Economic Evaluation of a Soft Ankle Brace Compared to Tape in Acute Lateral Ankle Ligamentous SprainsEllen Kemler1*, Mark R Krist1, Ingrid GL van de Port1,2, Arno W Hoes3, G Ardine de Wit3,4 and Frank JG Backx1
- Corresponding Author:
- Ellen Kemler
Rudolf Magnus Institute of Neuroscience
Department of Rehabilitation, Nursing Science and Sports
University Medical Centre Utrecht, W01.121
P.O. Box 85500, 3508 GA Utrecht, The Netherlands
Tel: + 31 6 16242309
Fax: + 31 88 7555450
E-mail: [email protected]
Received Date: May 02, 2016; Accepted Date: October 21, 2016; Published Date: October 28, 2016
Citation: Kemler E, Krist MR, Van de Port IGL, Hoes AW, Ardine de Wit G, et al. (2016) Economic Evaluation of a Soft Ankle Brace Compared to Tape in Acute Lateral Ankle Ligamentous Sprains. Clin Res Foot Ankle 4:212. doi:10.4172/2329-910X.1000212
Copyright: © 2016 Kemler E, et al.

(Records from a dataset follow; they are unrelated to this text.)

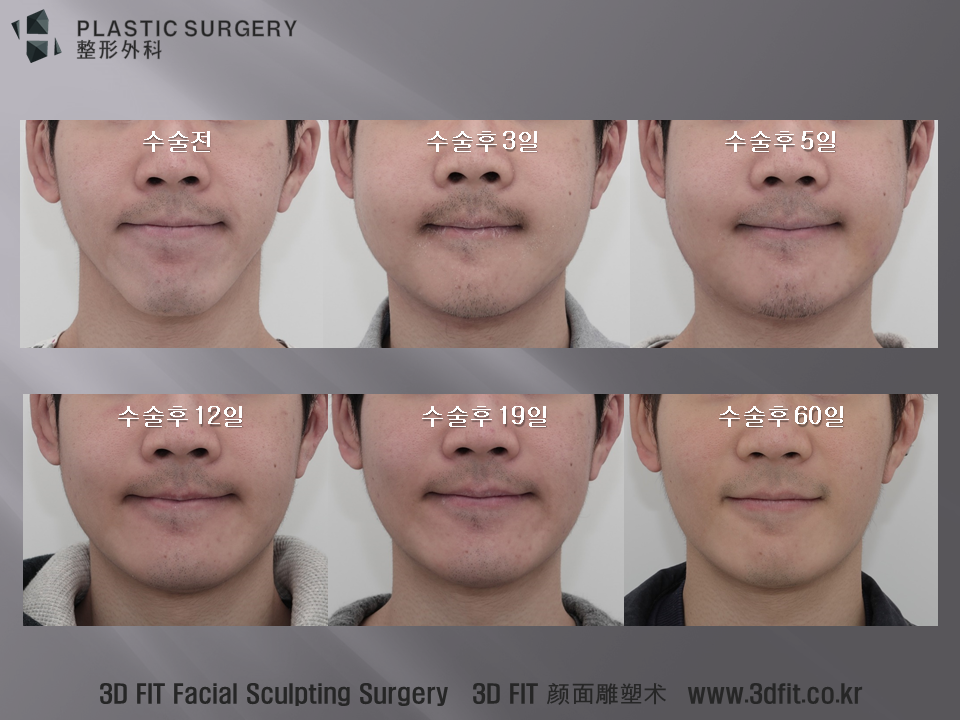수술 전과 수술 후 시간이 흐르면서의 모습에 대한 내용은 동영상에서 자세히 설명 드렸습니다.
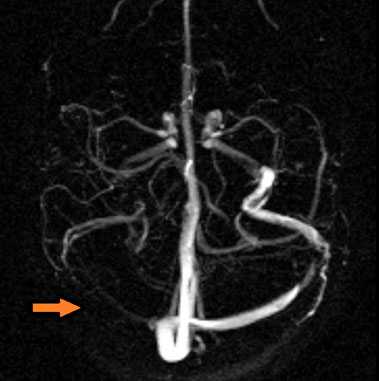 Применение МРТ в исследовании вен головного мозга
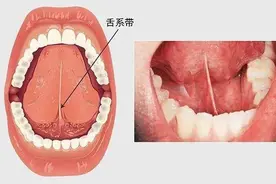 孩子舌系带过短？宝爸宝妈们要注意啦图片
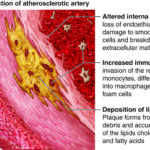Висок холестерол при деца 3 висок холестерол при деца, кръвни клетки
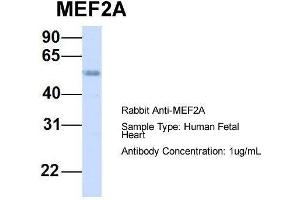 Host:  Rabbit  Target Name:  MEF2A  Sample Type:  Human Fetal Heart  Antibody Dilution:  1. (MEF2A 抗体  (Middle Region))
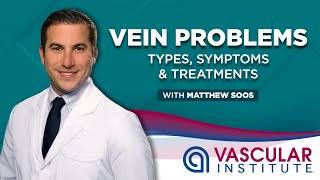 Understanding Varicose Veins | Causes, Symptoms & Treatment with Matthew Soos, NP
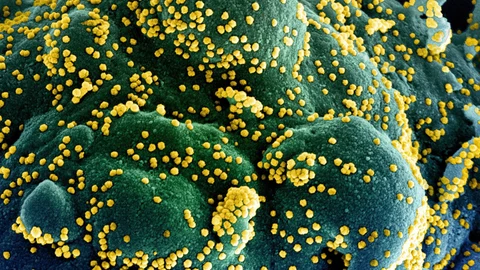 National Institutes of Health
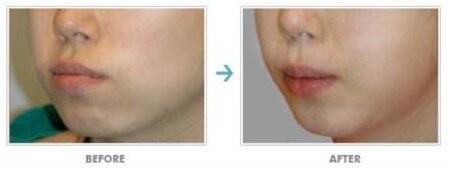 天津陰道前后壁膨出費用一般都要多少錢呢(天津御芝堂醫(yī)療美容門診部陰道前后壁膨出參考價：6664元)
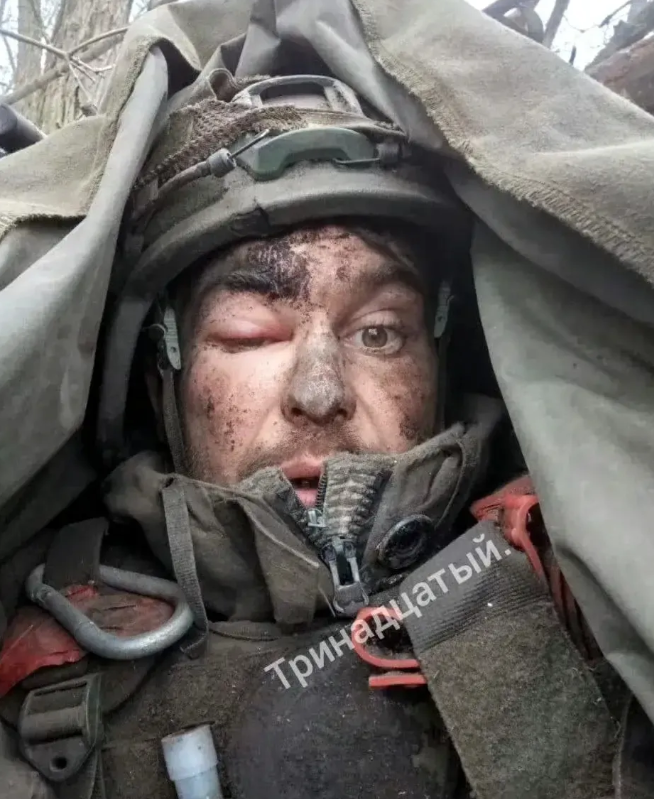 最近，俄军又冒出个“硬汉”。一名155海军陆战队的士兵，在库尔斯克打仗时，被流弹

This is an open-access article distributed under the terms of the Creative Commons Attribution License, which permits unrestricted use, distribution, and reproduction in any medium, provided the original author and source are credited.

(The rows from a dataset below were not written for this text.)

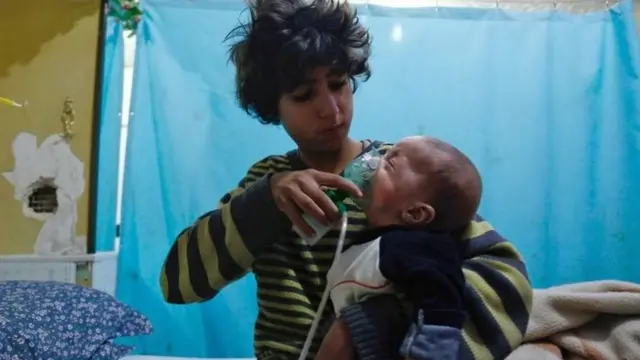 કેમિકલ હુમલા બાદ બાળકની સારવાર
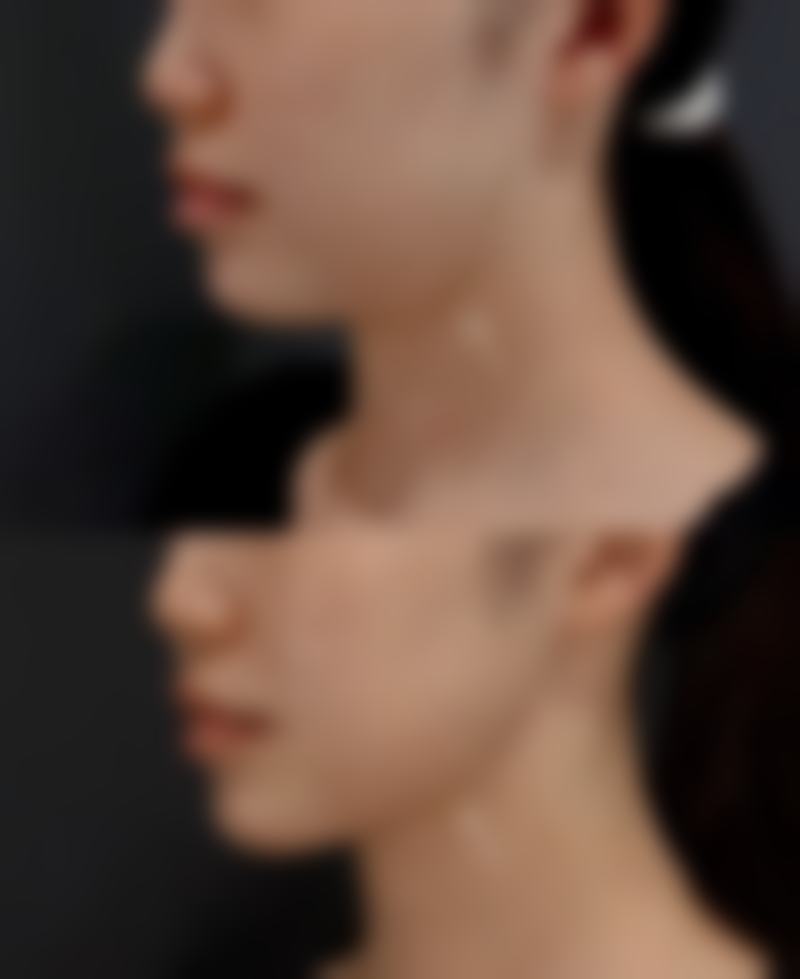 韩国Mega整形外科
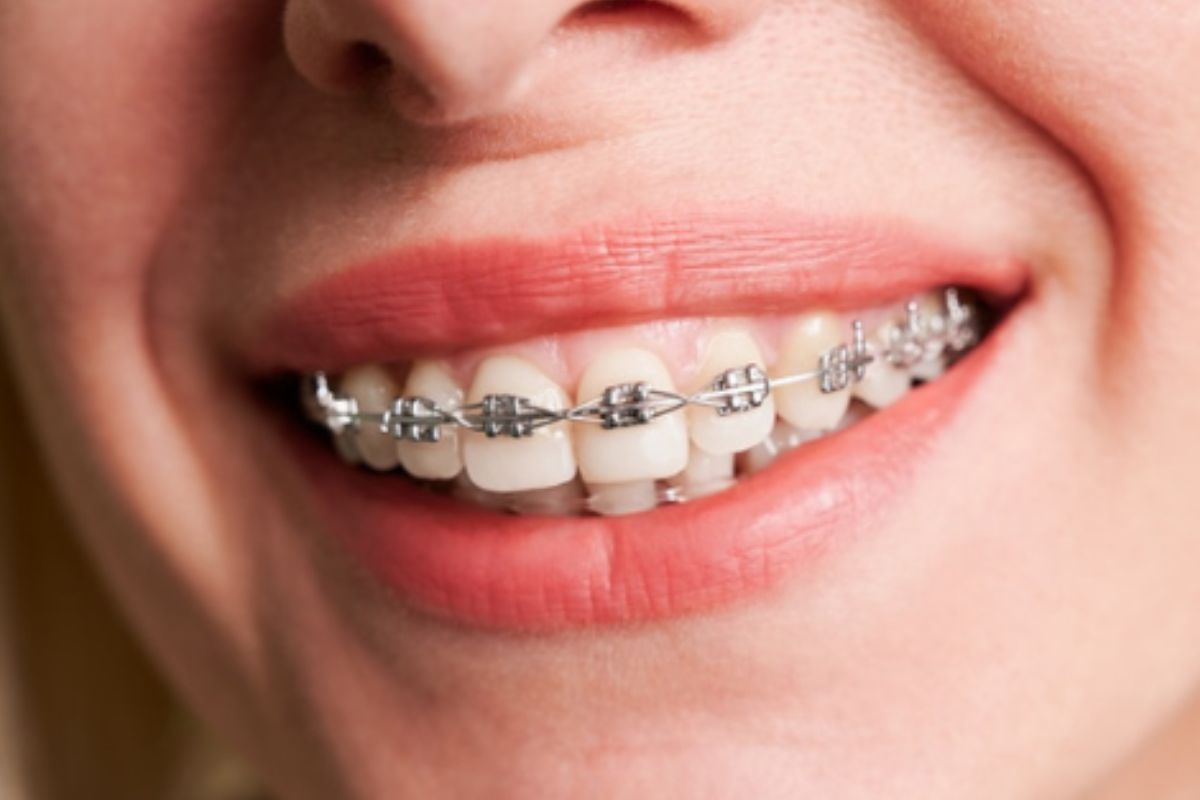 How Long Do You Need to Wear Braces?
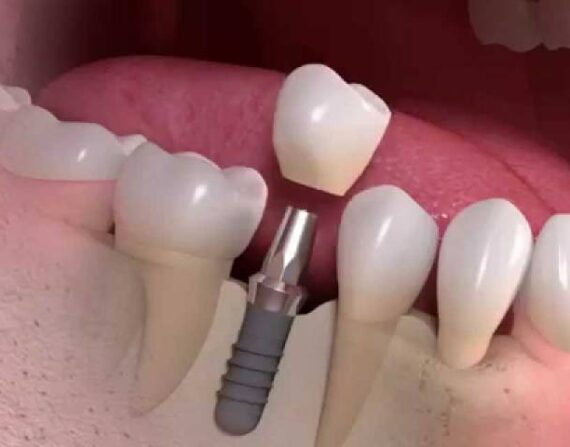 Best Dental implants Treatment in Wakad, PCMC | Dr. Ketaki Guddahe-Shinde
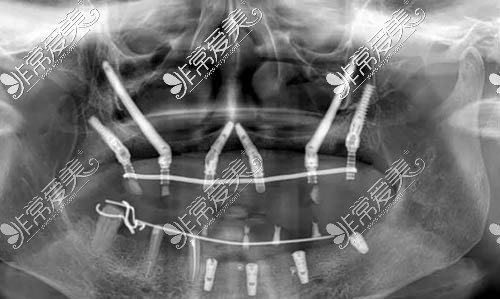 全口种植术后ct照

Background: Ankle sprains are common injuries, associated with high healthcare and societal costs. After sustaining an acute ankle sprain, ankle taping is the standard treatment in the Netherlands. Ankle braces are sometimes used as an alternative. The aim of the present study was to assess the costs-effectiveness of soft ankle bracing compared to ankle tape treatment in patients with an acute lateral ankle ligamentous sprain (ALALS).

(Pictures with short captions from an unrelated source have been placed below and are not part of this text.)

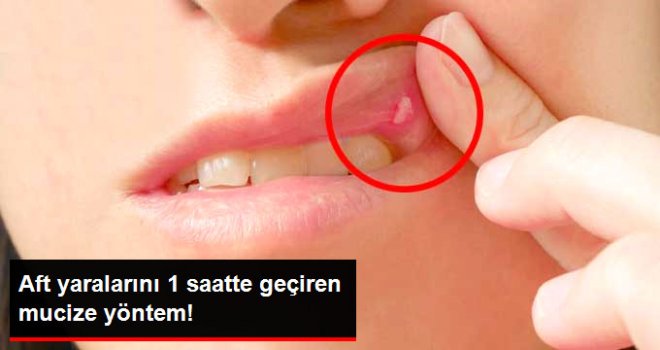 AFT YARALARINI 1 SAAT İÇERİSİNDE GEÇİREN YÖNTEM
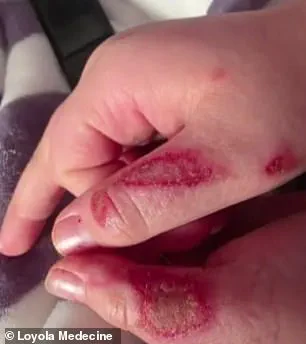 Nine-Year-Old Suffers Severe Burns After Microwaving Sensory Toy in Viral TikTok Trend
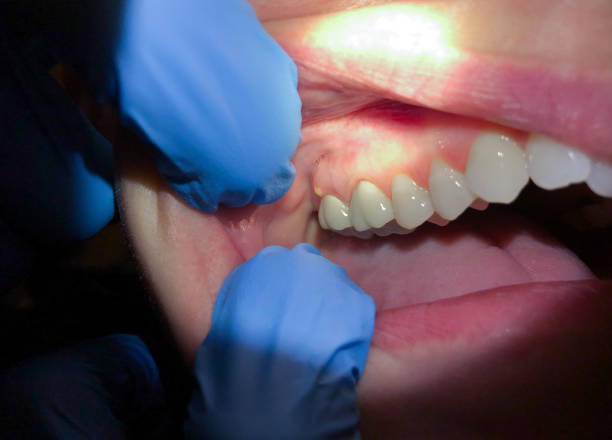 Best Emergency Dentist for Lost Fillings or Crowns in Palmer, TX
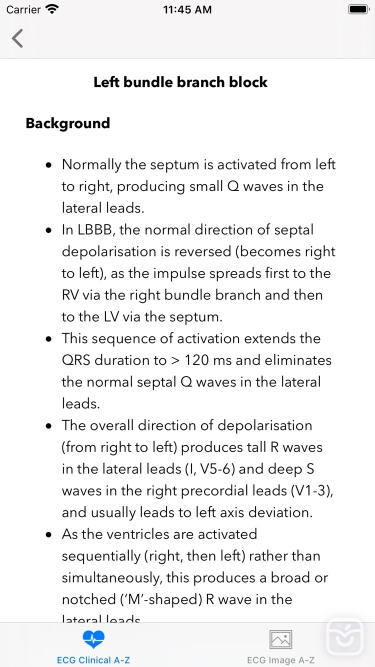 تصاویر ECG A-Z Pro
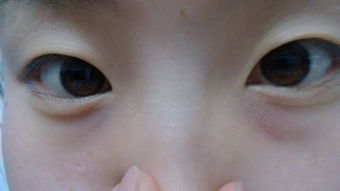 两只眼睛的内侧下眼睑外面很多白点不痛不痒的,不是脂肪粒,不是很明显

Methods: We conducted an economic evaluation from a societal perspective alongside a controlled trial. In order of presentation, patients were alternately allocated to four week treatment with a soft ankle brace or four week treatment with ankle tape. Costs and clinical outcomes with respect to re-injuries were derived from online patient questionnaires at 5, 9, 13, 26, 39, and 52 weeks after inclusion. Univariate and probabilistic sensitivity analyses were performed. Cost-effectiveness was assessed using bootstrapping with 5000 replications.
Results: In total 157 patients with an ALALS were included, of which 151 (tape n=76, brace n=75) were analyzed. After one-year of follow-up, no significant clinical differences were found between both treatments groups. Mean total costs were €1,634 (SD 261) per patient in the brace group and €1,846 (SD 296) per patient in the tape group; mean difference -€212 (95%CI -854 to 436). The use of an ankle brace was less expensive in 71% of the bootstrap replications.
Conclusions: In patients with ALALS, soft ankle bracing compared to ankle taping had similar clinical effect. The costs of soft bracing were lower. However, this difference was not statistically significant.